What you need to a joint venture (JV). I'll provide the Oz citizenship and the opportunity to buy existing property, and you provide the finance (hehehe).

Seriously though, there are peole providing jv's- especially wrappers. I don't know if that would interest you though.
 
Thanks guys

Its a bugger. Yeah I thought so! I'm going to get a sponsership Visa in October for 4 years and this will hopefully help for the short term. You never know the rulings might change over this time period.

Thanks for your help.
Graham
 
Hi,
Have you thought of a lease option? You may be able to control the property for reasonable amount. But i would imagine that you would at some need to either purchase the property or sell it.

Regards Tony.
 
Overseas investor

Graham

I am (was) a pom myself (the cricket made me change nationality....).

Something else to look out for is mortgage insurance. When you have got FIRB approval to buy somewhere, you are likely to need a 20% deposit. This may or may not be an issue depending on (amongst other things) where you are - if you're in Sydney then it can be a large concern!

The 20% deposit necessity isn't directly because of any requirements of the lending institutions (who were, in our case, happy to go to 95%).

Rather, once you go over 80%, in most cases the banks require Lender's Mortgage Insurance. And it's the providers of LMI (and I think there are only a handful) who won't insure you if you do not have residency - they perceive you as a 'flight risk'. Which is frustrating, but fair enough, I suppose, if you look at it from their point of view.

As for the mechanics of buying without residency, as already noted, FIRB is the place to go for info.

Note, however, that if you're buying a new apartment or OTP, many developers already have FIRB approval, which makes things a lot easier.
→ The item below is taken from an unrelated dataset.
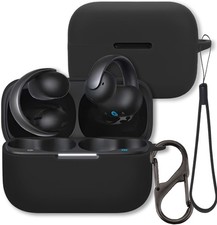 FJIASTB Case for Anker Soundcore AeroClip Open-Ear Earbuds Black 0.01, Black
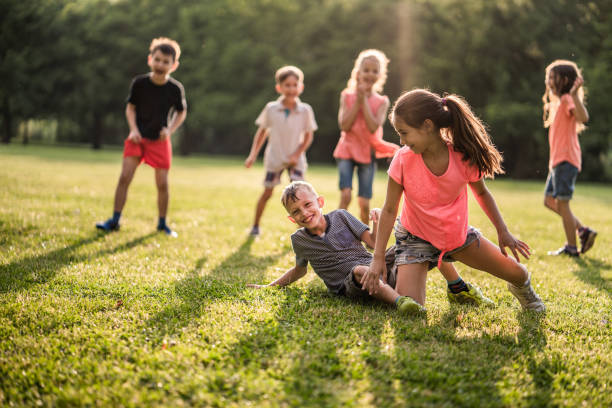 istock Kids enjoying in nature 977014884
I recall the limits are that only 50% of any new/OTP development can go to non-residents, so just because a property is new doesn't necessarily mean you can have it - the developer may have reached the 50% limit, or may not even have sought FIRB approval.

For property which isn't new, I think you need to apply directly to FIRB (which I've previously done and got permission, but it's a bit of a hassle). Also, the usual condition is that you must sell within a reasonable time when (or if) you leave the country - of course, the risk is that when you do leave, that mightn't be the best time to sell, and you become a "desperate vendor - owner moving overseas".

On the other hand, if you subsequently get residency, I believe the condition falls away and you can do what you wish.

I understand the policy behind the rules is to ensure that ownership of excessive amoutns of Aussie real estate doesn't fall into overseas hands, but that building isn't unnecesarily stifled (hence the easier permission for new residences). Once someone's lived in a residence, it isn't new any more, even if it's only 2 months old, and the usual 'non new' FIRB rules apply. So I wouldn't hold your breath for any rule changes in the short term.

All this happened a couple of years ago, so don't take my word for anything, and be sure to check with FIRB that everything's not changed. Hope this helps!